**YOUR GOAL:** The entries below must be reproduced exactly; their pictures are not part of the copy.

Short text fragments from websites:
Segment Open

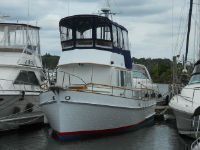 Grand Banks 36 Trawler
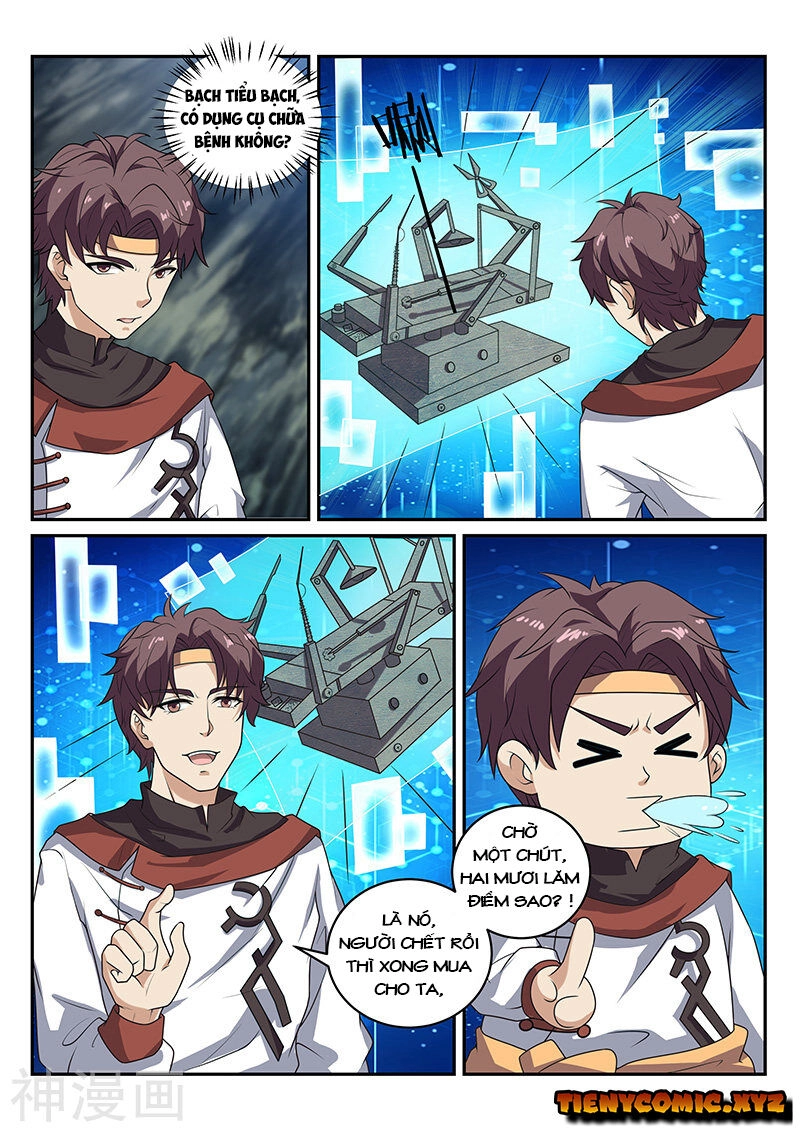 Siêu Cấp Thần Y Hệ Thống Chapter 76 - 3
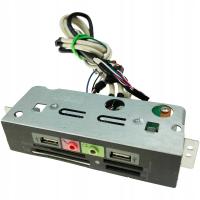 3,5-дюймовая мультимедийная панель 100% OK % qR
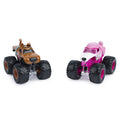 Monster Jam 1:64 Die-Cast Trucks 2-Pack - Image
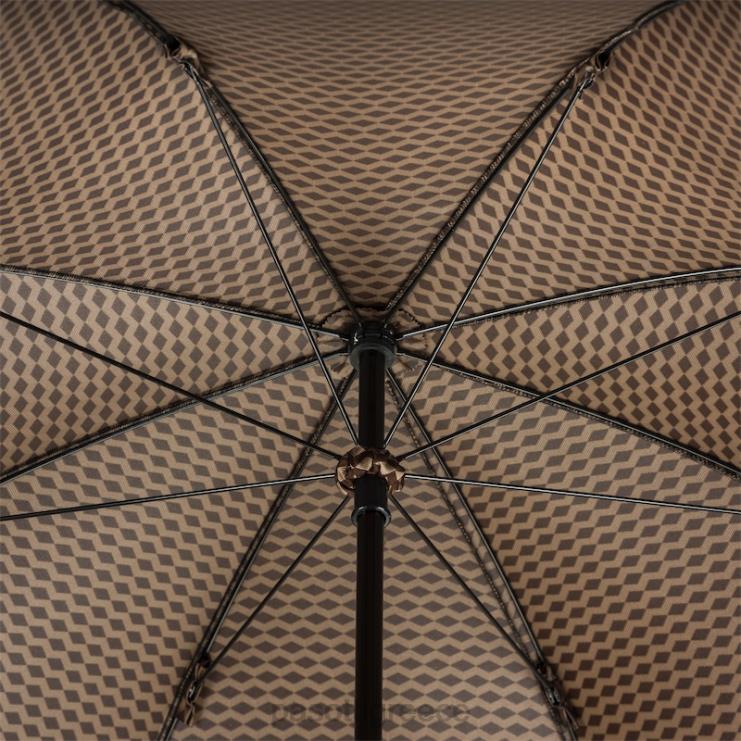 ομπρέλα | PASOTTI 145 atene-1 c - ομπρέλα ζακάρ με γεωμετρικό σχέδιο 2N6B8139 άνδρες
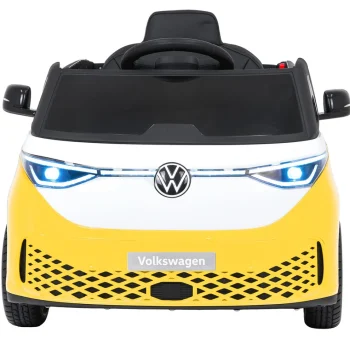 Volkswagen Id Buzz žuto Vozilo 3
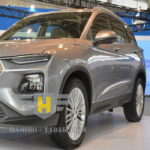 سپر جلو هایما HAIMA X7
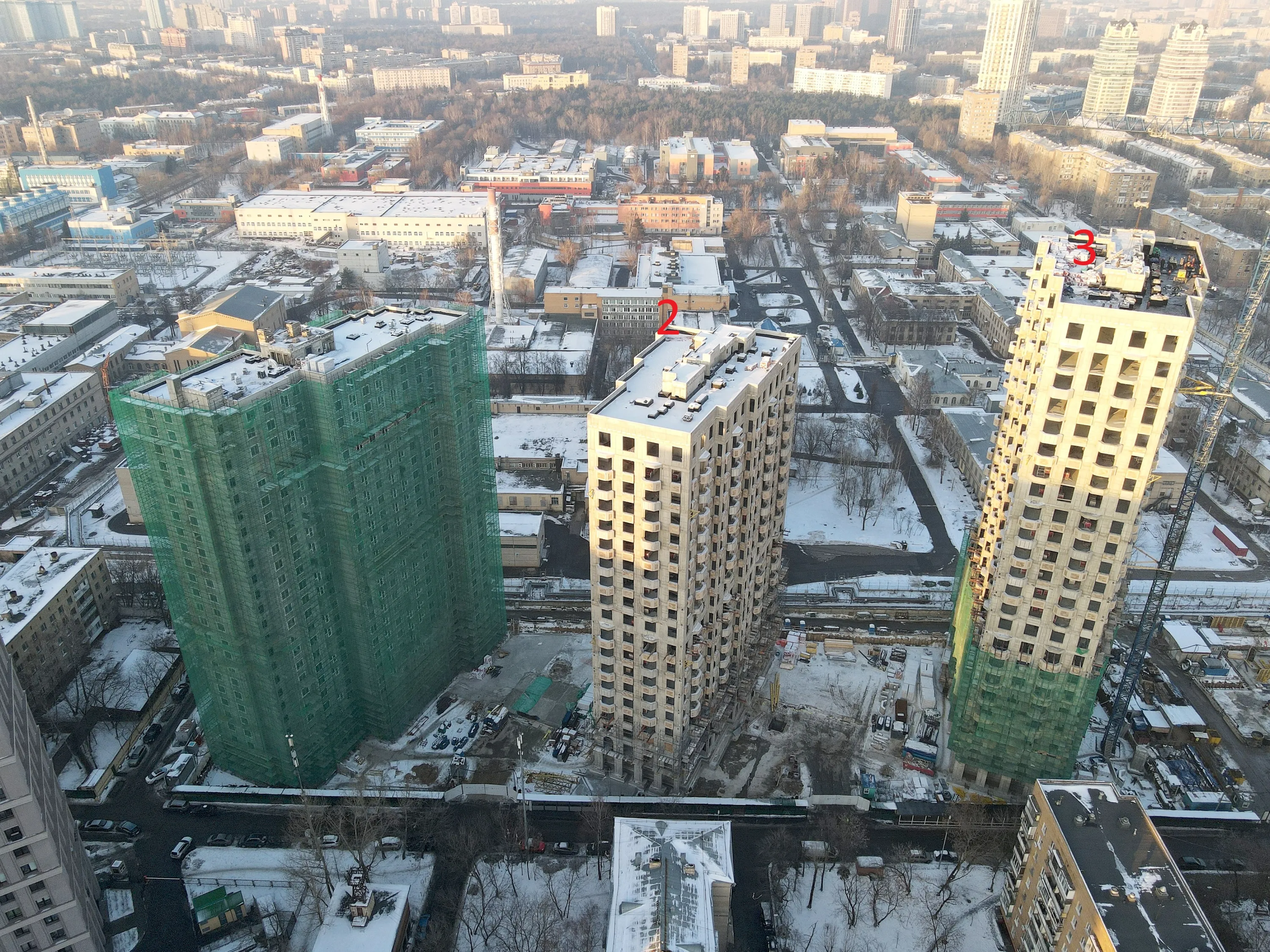 Фото ЖК Театральный квартал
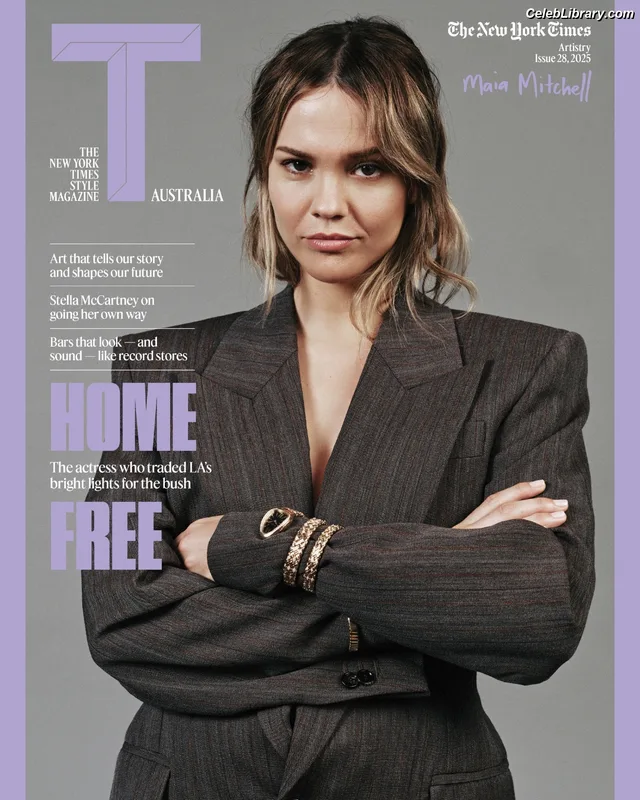 Maia Mitchell photo 7 of 152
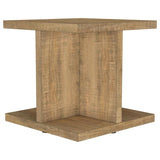 Cortona - Square Engineered Wood Table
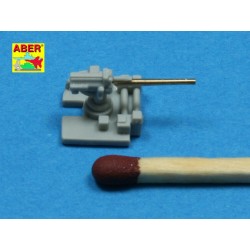 Set of pcs 127 mm barrels for U.S.Navy ships 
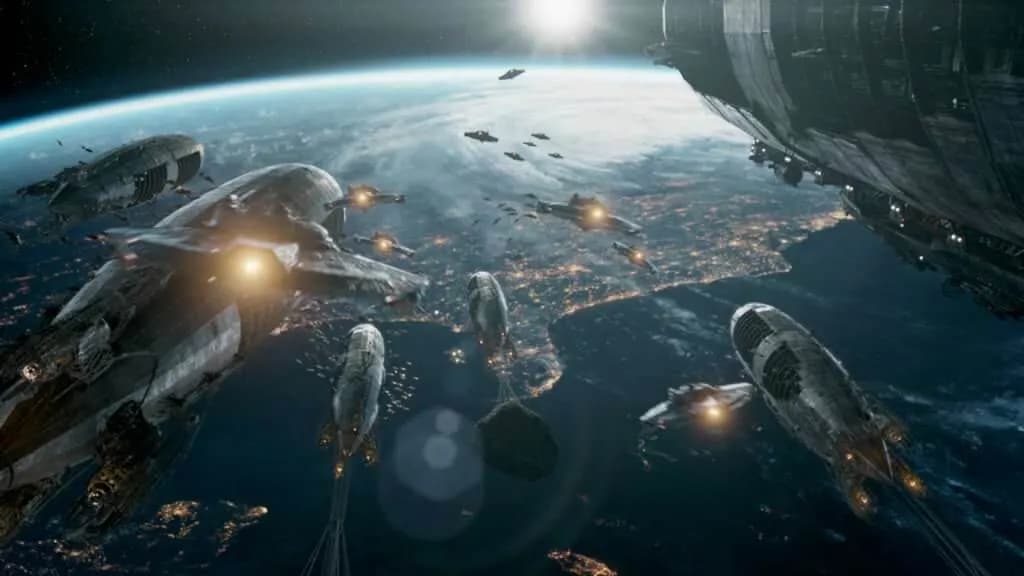 IRON SKY INVASION Steam — zrzut ekranu 2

Segment Closed

**FINISHED EXERCISE:**
 Grand Banks 36 Trawler
 Siêu Cấp Thần Y Hệ Thống Chapter 76 - 3
 3,5-дюймовая мультимедийная панель 100% OK % qR
 Monster Jam 1:64 Die-Cast Trucks 2-Pack - Image
 ομπρέλα | PASOTTI 145 atene-1 c - ομπρέλα ζακάρ με γεωμετρικό σχέδιο 2N6B8139 άνδρες
 Volkswagen Id Buzz žuto Vozilo 3
 سپر جلو هایما HAIMA X7
 Фото ЖК Театральный квартал
 Maia Mitchell photo 7 of 152
 Cortona - Square Engineered Wood Table
 Set of pcs 127 mm barrels for U.S.Navy ships 
 IRON SKY INVASION Steam — zrzut ekranu 2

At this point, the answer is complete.